There are two ways of cooking stuffing: inside and outside the bird. Each way has its disciples. Roasting the mixture inside the cavity of the turkey or goose means that the juices of the meat trickle down through the forcemeat as it cooks, imbuing the stuffing with the essence of the bird. The downside is that in order to cook the stuffing properly, it may mean overcooking the bird, and, should you pack it in too tightly, the heat will never penetrate fully, thus risking neither the inside of the bird nor the stuffing cooking thoroughly. Dare I mention salmonella?
Cooking the stuffing outside the roast, in the same roasting tin, means there won’t be enough of it, and its presence interferes with the gravy and roast potatoes. It’s pretty much a non-starter. The third way is to cook it separately in another dish. It works from a safety point of view, and you will get tantalising, crusty nuggets on the stuffing’s surface, but this method loses the opportunity of soaking it with the juices from the bird as it cooks. I get round this by spooning some of the fat and flavouring from the roasting tin over the stuffing as it cooks.

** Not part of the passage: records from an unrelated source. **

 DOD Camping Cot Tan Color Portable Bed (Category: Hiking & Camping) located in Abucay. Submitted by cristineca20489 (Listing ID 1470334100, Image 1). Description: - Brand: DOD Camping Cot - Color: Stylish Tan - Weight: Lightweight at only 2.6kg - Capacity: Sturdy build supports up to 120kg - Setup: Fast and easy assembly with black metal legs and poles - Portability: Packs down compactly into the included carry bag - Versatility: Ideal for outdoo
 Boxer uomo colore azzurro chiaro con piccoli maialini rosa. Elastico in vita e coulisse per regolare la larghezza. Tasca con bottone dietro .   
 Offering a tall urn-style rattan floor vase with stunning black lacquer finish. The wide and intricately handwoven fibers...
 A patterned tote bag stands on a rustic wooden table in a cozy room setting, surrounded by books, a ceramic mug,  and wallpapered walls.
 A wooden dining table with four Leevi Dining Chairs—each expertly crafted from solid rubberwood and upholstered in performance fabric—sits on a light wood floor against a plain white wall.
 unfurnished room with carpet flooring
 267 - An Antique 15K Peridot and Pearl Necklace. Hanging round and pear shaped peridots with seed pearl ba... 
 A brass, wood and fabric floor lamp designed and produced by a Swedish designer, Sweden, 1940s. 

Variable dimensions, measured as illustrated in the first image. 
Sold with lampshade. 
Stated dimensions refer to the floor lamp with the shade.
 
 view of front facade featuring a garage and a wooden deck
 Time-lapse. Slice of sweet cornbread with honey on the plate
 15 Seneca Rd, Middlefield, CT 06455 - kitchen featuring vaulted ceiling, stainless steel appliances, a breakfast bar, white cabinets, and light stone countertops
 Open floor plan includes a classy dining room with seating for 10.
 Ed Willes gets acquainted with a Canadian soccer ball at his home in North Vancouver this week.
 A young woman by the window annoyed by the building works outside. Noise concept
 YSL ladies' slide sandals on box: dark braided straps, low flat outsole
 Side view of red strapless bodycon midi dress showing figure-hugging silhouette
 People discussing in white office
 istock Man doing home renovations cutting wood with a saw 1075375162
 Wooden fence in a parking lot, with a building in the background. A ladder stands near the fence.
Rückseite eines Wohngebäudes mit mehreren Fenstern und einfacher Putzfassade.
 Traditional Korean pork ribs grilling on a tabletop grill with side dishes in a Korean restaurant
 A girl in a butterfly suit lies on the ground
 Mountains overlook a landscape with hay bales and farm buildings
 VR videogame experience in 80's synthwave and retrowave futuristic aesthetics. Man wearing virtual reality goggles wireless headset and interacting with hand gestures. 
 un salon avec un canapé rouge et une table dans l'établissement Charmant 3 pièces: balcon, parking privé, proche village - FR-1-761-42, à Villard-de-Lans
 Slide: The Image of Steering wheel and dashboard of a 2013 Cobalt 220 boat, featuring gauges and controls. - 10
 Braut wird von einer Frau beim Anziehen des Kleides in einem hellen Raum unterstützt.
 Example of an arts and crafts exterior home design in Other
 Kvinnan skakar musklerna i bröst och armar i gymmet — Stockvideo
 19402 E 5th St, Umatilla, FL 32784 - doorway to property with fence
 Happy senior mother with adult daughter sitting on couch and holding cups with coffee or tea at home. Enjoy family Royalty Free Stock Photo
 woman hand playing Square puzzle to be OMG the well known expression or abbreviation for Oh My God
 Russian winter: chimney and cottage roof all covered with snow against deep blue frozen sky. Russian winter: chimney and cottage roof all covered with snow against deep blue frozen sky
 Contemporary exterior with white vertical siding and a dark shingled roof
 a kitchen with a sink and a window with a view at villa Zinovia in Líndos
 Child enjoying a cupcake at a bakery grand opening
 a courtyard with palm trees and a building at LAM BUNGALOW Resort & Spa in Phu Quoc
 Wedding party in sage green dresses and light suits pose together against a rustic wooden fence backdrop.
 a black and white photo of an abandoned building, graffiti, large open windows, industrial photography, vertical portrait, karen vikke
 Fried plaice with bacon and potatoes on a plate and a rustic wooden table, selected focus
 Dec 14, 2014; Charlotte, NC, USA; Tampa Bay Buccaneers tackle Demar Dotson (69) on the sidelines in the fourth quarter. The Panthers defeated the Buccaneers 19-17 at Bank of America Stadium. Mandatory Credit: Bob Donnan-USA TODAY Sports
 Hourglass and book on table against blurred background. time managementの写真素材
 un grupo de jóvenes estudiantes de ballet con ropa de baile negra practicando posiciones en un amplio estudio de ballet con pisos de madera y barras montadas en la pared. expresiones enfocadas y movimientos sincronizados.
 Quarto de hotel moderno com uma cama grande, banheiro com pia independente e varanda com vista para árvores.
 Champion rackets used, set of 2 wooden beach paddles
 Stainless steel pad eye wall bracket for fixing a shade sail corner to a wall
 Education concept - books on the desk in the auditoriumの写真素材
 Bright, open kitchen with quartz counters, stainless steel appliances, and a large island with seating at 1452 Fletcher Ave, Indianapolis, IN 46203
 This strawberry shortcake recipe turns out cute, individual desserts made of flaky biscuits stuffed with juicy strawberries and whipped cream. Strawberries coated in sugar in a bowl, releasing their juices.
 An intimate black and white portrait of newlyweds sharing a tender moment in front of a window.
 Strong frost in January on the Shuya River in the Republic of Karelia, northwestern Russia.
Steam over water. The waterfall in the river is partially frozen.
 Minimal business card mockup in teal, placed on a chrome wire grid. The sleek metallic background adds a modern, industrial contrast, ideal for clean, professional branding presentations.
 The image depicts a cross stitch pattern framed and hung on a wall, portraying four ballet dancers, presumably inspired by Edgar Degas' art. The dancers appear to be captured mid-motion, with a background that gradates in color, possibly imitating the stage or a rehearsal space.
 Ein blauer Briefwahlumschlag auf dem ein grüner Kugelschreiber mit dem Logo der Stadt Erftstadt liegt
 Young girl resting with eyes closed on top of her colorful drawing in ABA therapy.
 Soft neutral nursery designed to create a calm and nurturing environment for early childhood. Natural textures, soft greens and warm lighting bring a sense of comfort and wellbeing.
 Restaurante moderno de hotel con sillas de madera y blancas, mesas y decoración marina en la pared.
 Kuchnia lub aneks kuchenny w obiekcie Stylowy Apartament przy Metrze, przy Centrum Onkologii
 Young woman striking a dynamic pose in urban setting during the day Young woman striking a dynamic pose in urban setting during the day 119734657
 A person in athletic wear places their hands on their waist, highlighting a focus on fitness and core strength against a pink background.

Stuffings, forcemeats, call them what you will, have gone out of fashion. I suggest that this is a disgraceful state of affairs. Imagine the flavour in a ball of sausage meat that you have seasoned with sweet golden onions, thyme and rosemary, lemon zest, chopped bacon and juniper, then spooned goose fat over as it roasted. Or a tray of stuffing made with minced turkey, bacon, lemon, parsley and Parmesan you have left rough on top, so the ridges and furrows brown crustily.